Ordinarily, this bizarre and frankly unjust set of political circumstances would be ripe for the SNP to brazen their way into another referendum, but that has been stymied on a number of fronts. Not least by Ruth Davidson, who ran a fantastic election campaign based on a single cause of ‘no to another referendum’.

Nicola Sturgeon is taking time to reflect. And for the first time is feeling the real pressure of being both the leader of an independence party and the First Minister of Scotland. She is being pulled in different directions and this will be a test of her mettle.

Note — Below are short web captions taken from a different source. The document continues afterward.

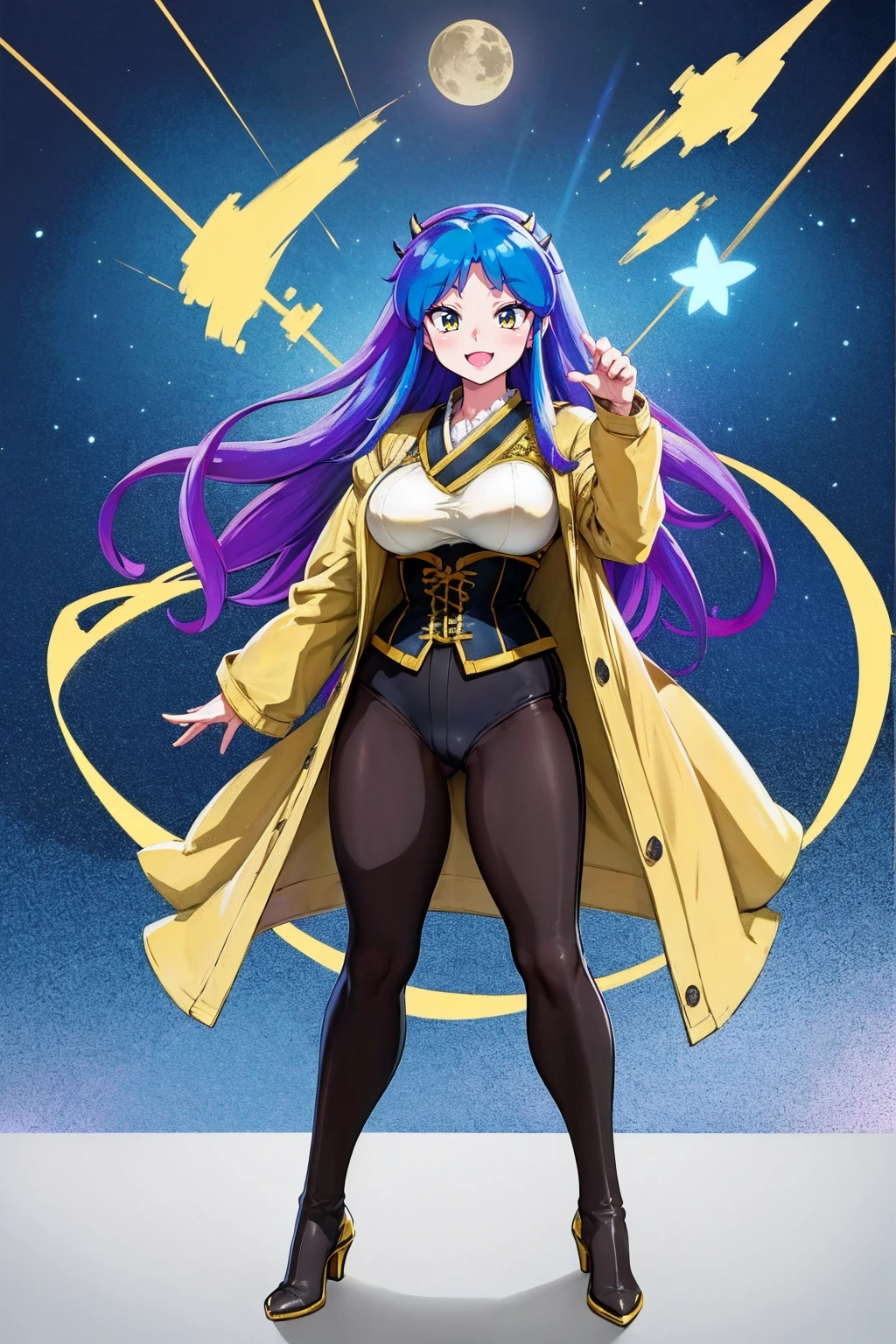 masterpiece, best quality,, corset, breastplate,lum, , urusei yatsura, cloak, pants, pullover kimono,martial pov,, pantyhose, sharpteeth, standing,smile, matial art,, full body, boots , pant, medium breast, pants, pullover,martial pov,god rays, ray tracing, sparkle, cinematic lighting, UHD, retina, masterpiece, ccurate, anatomically correct, textured skin, super detail, high details, high quality, award winning, best quality, highres, 1080P, HD, 4K, thunder aura, light aura, sharpteeth,, super powers, full body, standing, kimono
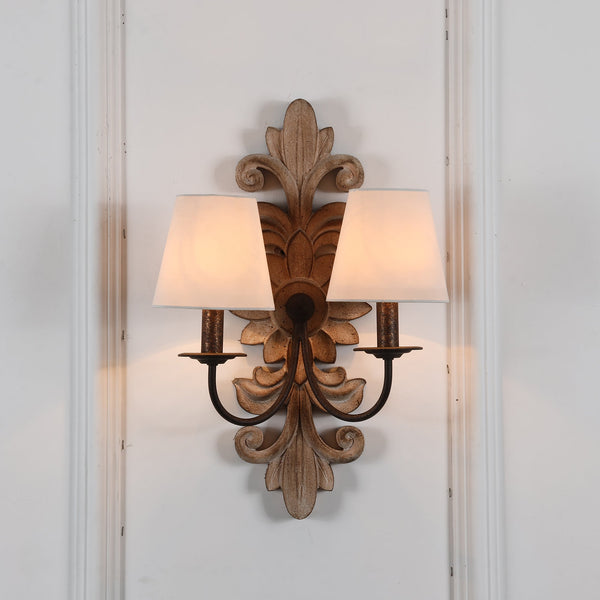 farmhouse distressed white wood fabric wall sconce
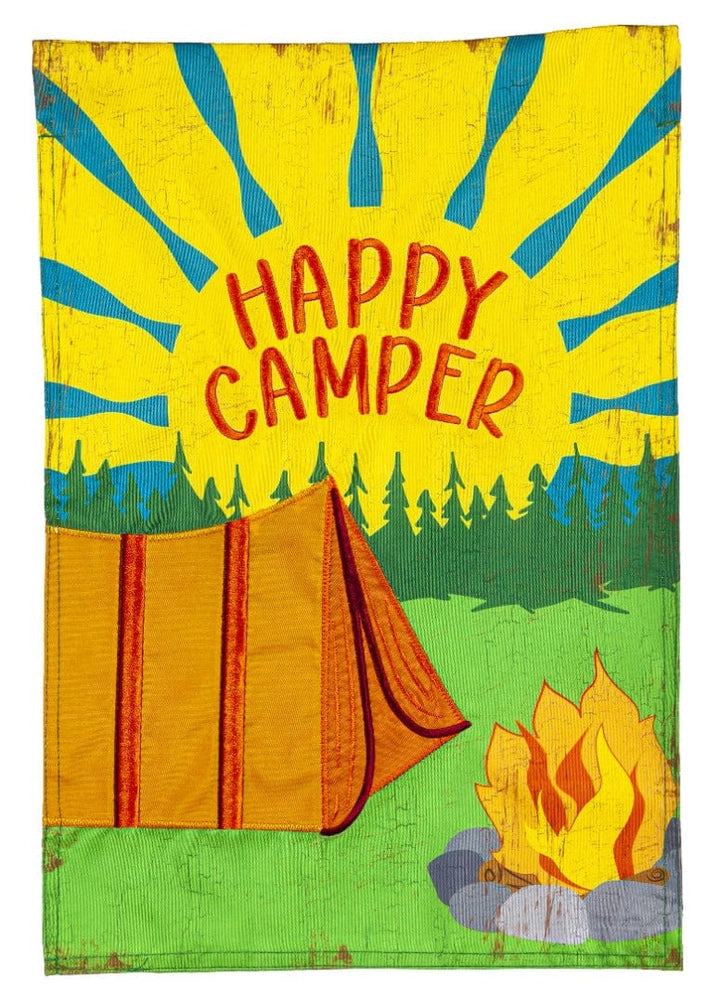 Happy Camper Garden Flag 2 Sided Applique Camping 169513 Heartland Flags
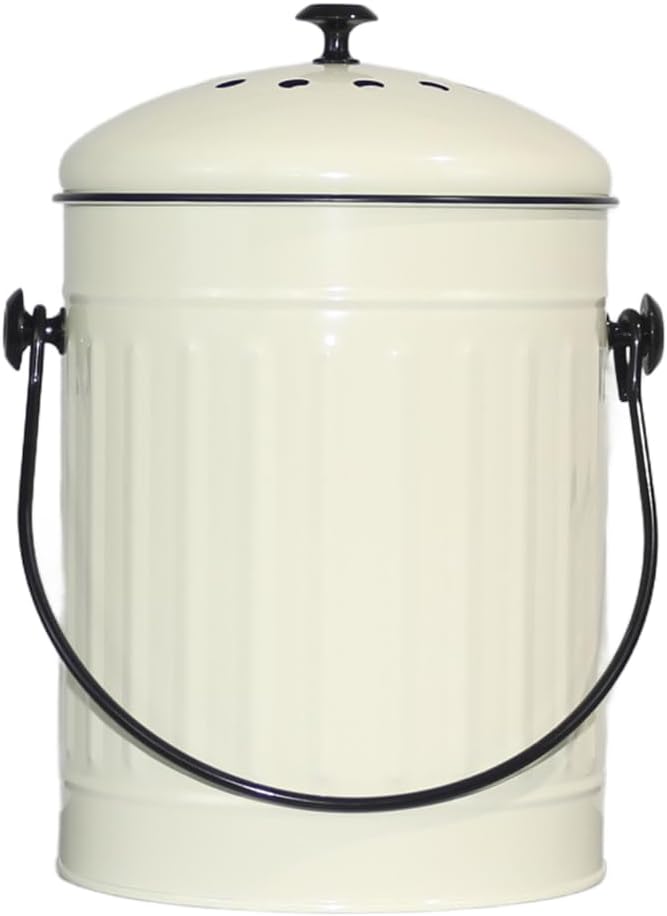 Markson Compost Bin with Airflow Lid and Charcoal Filter 1.5 Gallon Metal - Image 2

The SNP had never really felt the negative aftershocks of 2014. Far from it. Their ranks were swollen by those that remained impatient for change. There was no real raking over the coals. No in-depth analysis of what went wrong. No prospectus for how to win next time around. After all, having won another election in 2015, why look to change? And then there was Brexit.

Sturgeon was right then to put independence back on the table. Scotland had voted to remain and she needed to reflect that both as a leader who had promised it in her manifesto but also as a first minister who could defend the right of a majority of Scots to remain within the EU.

But things changed. A snap election. One that the PM said would not be called. Sturgeon dithered and a lacklustre, defensive and confused campaign exposed the schism within – those who want independence now, and those who are willing to hang on. More damagingly, it revealed a first minister out of touch with parts of Scotland and she hadn’t seen that going on.

Davidson outmanoeuvred Sturgeon and capitalised on what was easily portrayed as an obsession with independence to the exclusion of redressing falling standards in education, improving hospitals, growing the economy, and no longer can anyone argue that Scotland doesn’t vote Tory. It does now.

Sturgeon remains the most formidable and popular leader – despite the way the polls have been spun – and none of her opponents yet looks like a government in waiting. But there is time.

This week she will move the debate on from a referendum to a need to pull together on Brexit. But she needs to do more. A radical ministerial reshuffle that brings in some of the youth team – Kate Forbes for one – and revisits some of the old – a wise leader keeps the greybeards on side – would be a savvy move.

Sturgeon shouldn’t be paralysed by the argument for independence but should move it on from when to have a referendum to building a Scotland that means you hold it when you would win it.

Theresa May told Nicola Sturgeon that “politics is not a game” but as we sit in what very much feels like a political waiting room, with nothing more substantial to read than dog-eared articles about Brexit DIY and political window dressing, it does feel like we are just waiting for someone, anyone, to make the next move.